Vive la France! is an extant 1918 American silent war drama film directed by Roy William Neill and starring Dorothy Dalton. It was distributed by Famous Players–Lasky and Paramount Pictures.

==Plot==
The plot of the film follows Genevieve Bouchette, who is a motion picture actress who hears that her parents were killed by the German troops back in Deschon, France. When she enters France, she finds that Germany has recaptured Deschon. Genevieve, while Germans were in the town, took care of her wounded brother. Who ended up dying after German soldiers shot at the windows. The lieutenant of the men who killed her brother tries to overpower her and get her to submit to them, but she doesn't submit to them. They told her that if she doesn’t comply, they will brand her with “the cross of shame”. This is what women who were brought back to German lines were branded with. She ends up fainting at the threat and wakes up with the cross branded on her chest.

In the film, we also have a volunteer for the French army who was once an actor under the same studio as Genevieve, Jean Picard. His job is to carry an important message to a section of the forces that are cut off from the main forces. However, by the time he reached Deschon, he had been wounded and fainted from blood loss. Geneiveve comes across him and helps him, and he wakes up from being unconscious. She helps him find a way out of Germany's hands so that he can be safe.

Later in the film, Genevieve wants to escape the Germans. So to do that, she gets a uniform from a dead Hun. However, Genevieve was then arrested and ordered to be killed because in the uniform she was wearing, there were maps made by a spy. However, because of the cross on her chest, she was let go because the officer realized it must have been a mistake.

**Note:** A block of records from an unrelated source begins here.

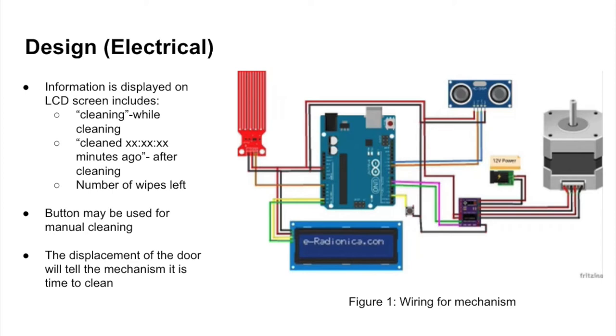We also use an LCD display to show essential information about the system, including the last time the handle was sanitized as well as the number of wipes it has left. We also use the HC-SR04 ultrasonic distance sensor for non-contact measurement. With this sensor we will know the displacement of the door, which will trigger when the program should start the cleaning cycle.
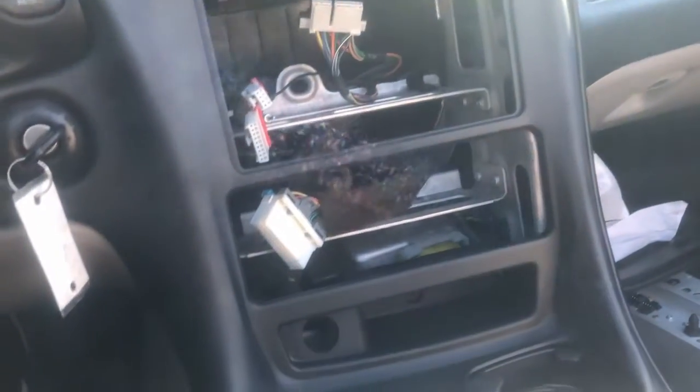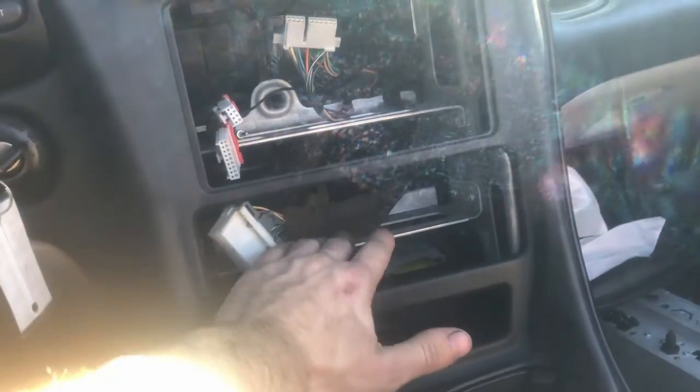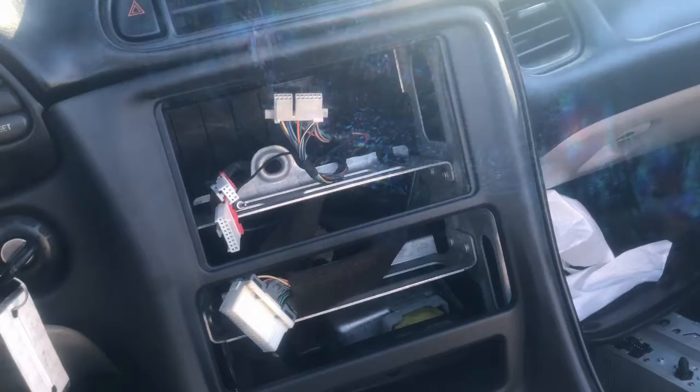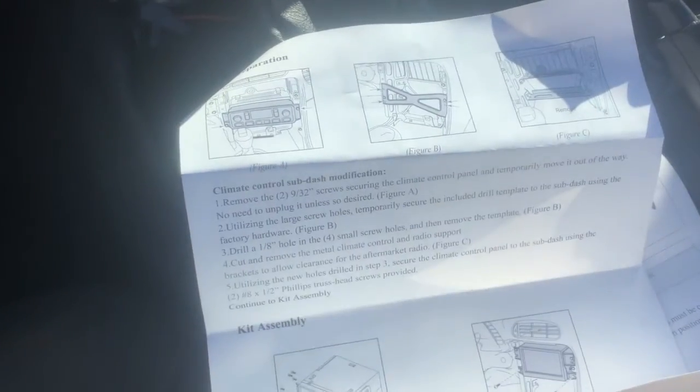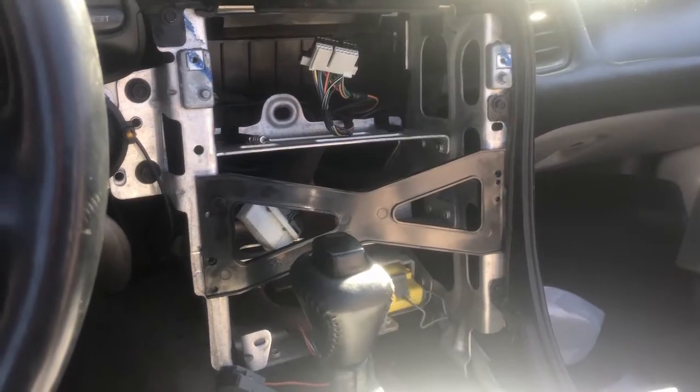They gave us a sort of template to draw new holes to mount a bracket, so I guess that's what we're gonna have to do — some cutting and drilling. The new console piece came with instructions. There's a little bracket with four holes to drill, and we're just gonna follow along and see what happens.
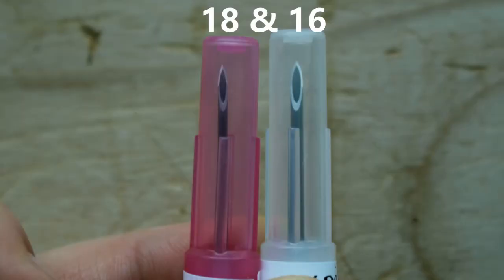Needles come in two different measurements: gauge and length. Gauge — where you'll see numbers like 16, 18, 20, or 22 — refers to how wide around the needle itself is. If you're injecting a larger animal with thicker skin or a thicker solution, you want a thicker gauge needle, which means a lower number (same concept as shotgun gauges). A 16 gauge needle is noticeably wider than an 18 gauge. For a goat with fairly thin skin, you'll typically use a 20 to 22 gauge needle.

Months later, Deschon is finally at peace again, and Jean returns. However, he isn't the same. He had lost his memories. Genevieve does her best to help restore his memories, but nothing seems to work. That was until Jean saw the cross of shame on her chest. It was then that he was able to remember things and get his memory back.

==Cast==
- Dorothy Dalton as Genevieve Bouchette
- Edmund Lowe as Jean Picard
- Fred Starr as Captain Heinrich May
- Tom Guise as Colonel Bouchier
- Bert Woodruff as Pierre Le Gai
- Bert Sprotte as German Seargeant
- Eunice Woodruff

==Reception==
Variety gave the film a positive review, praising the "masterly" handled production and the "excellent work" of the actors.

==Preservation status==
A complete print of Vive la France! exists in a European archive, the Cinematheque Royale de Belgique, Brussels.